Even at higher learning institutions, the retreat is visible. Penn, once vocal about its DEI efforts, has quietly taken down key web pages dedicated to these initiatives. This is not an isolated case. Across the country, universities and corporations are scrubbing DEI from their branding, wary of political and legal scrutiny. If these efforts had been genuinely transformative, would they be so easily erased?

This shift is reflective of a broader political movement. Under the new Trump administration, there has been a concentrated effort to clamp down on diversity training and DEI initiatives, which are considered a form of illegal discrimination. The Department of Education recently ordered universities to eliminate their DEI programs within two weeks or their federal funding would be entirely removed. Donald Trump has gone as far as to blame tragedies on the so-called dangers of DEI, further turning the term into a scapegoat. The term DEI has now joined the ranks of other politicized buzzwords — once “SJW” (Social Justice Warrior), “woke,” and now “DEI” — all repurposed to stoke resentment towards groups that are its perceived beneficiaries. 

But let’s be honest. If DEI were truly effective, Black professionals wouldn’t still be fighting for a foothold in industries where they remain drastically underrepresented. The argument that diversity initiatives have somehow gone too far ignores the reality that these efforts never fully corrected historical disparities to begin with. The numbers don’t lie: Despite years of DEI initiatives, many industries still lack substantial minority representation, particularly as one ascends the corporate ladder, and economic gaps persist. In tech, for example, Black women still make up only 3% of the workforce — hardly evidence of a radical change from DEI.

So where does that leave us?

As companies and institutions distance themselves from DEI, we must remember: Diversity is not just a moral imperative; it is a source of strength. Research consistently shows that diverse teams outperform homogeneous ones, bringing innovation, adaptability, and broader perspectives. The fight for equity does not end because organizations choose to modify their commitments.

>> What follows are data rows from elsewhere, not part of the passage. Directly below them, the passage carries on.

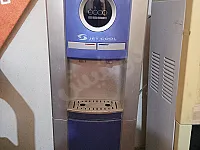 كولر مستعمل اخو الجديد سعر 120 دولار وفيي سككرة للطيبن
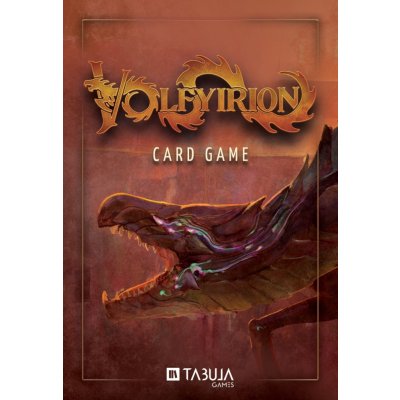 Tabula Games Volfyirion – Zboží Mobilmania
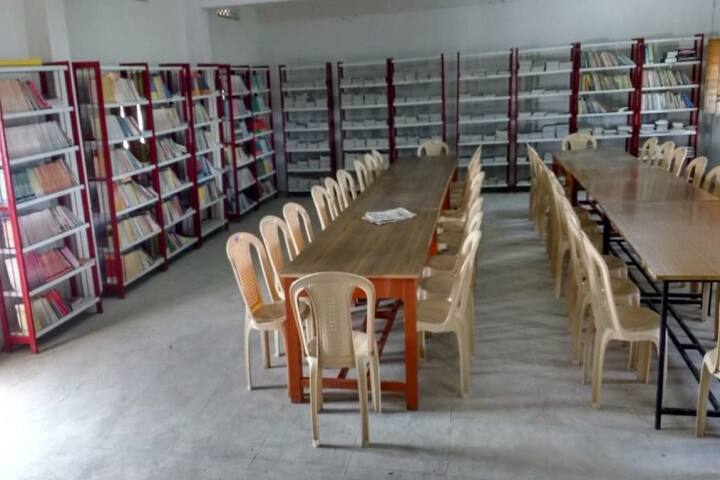 Pavlov College of Teacher Education, Karimnagar campus photo 3
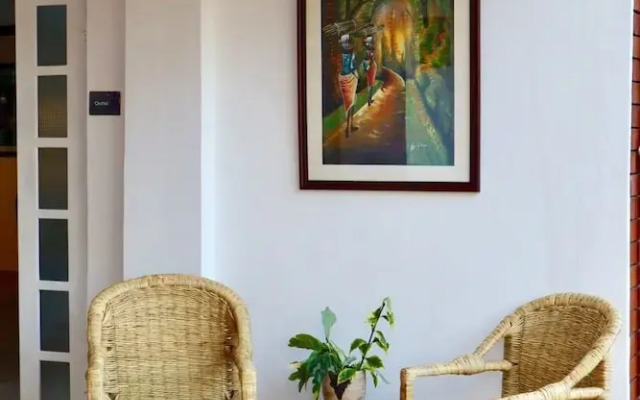 Kasana Sunshine Guesthouse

The BEYA conference was a stark reminder of this reality. Conversations with fellow attendees reflected a mix of hope and frustration — hope that the talent and ambition in the room would push through barriers, but frustration at the systemic shifts making it harder for minority professionals to succeed. Despite the setbacks, the determination was palpable. Many older attendees had seen this cycle before, and they assured us that the fight doesn’t stop just because the opposition grows louder.

Black History Month is a reminder of the resilience that has carried us through far worse setbacks. This is not the first time progress has been met with resistance, nor will it be the last. But history also tells us that change is not gifted: It is fought for.

Stay vigilant. Stay strong. The work continues.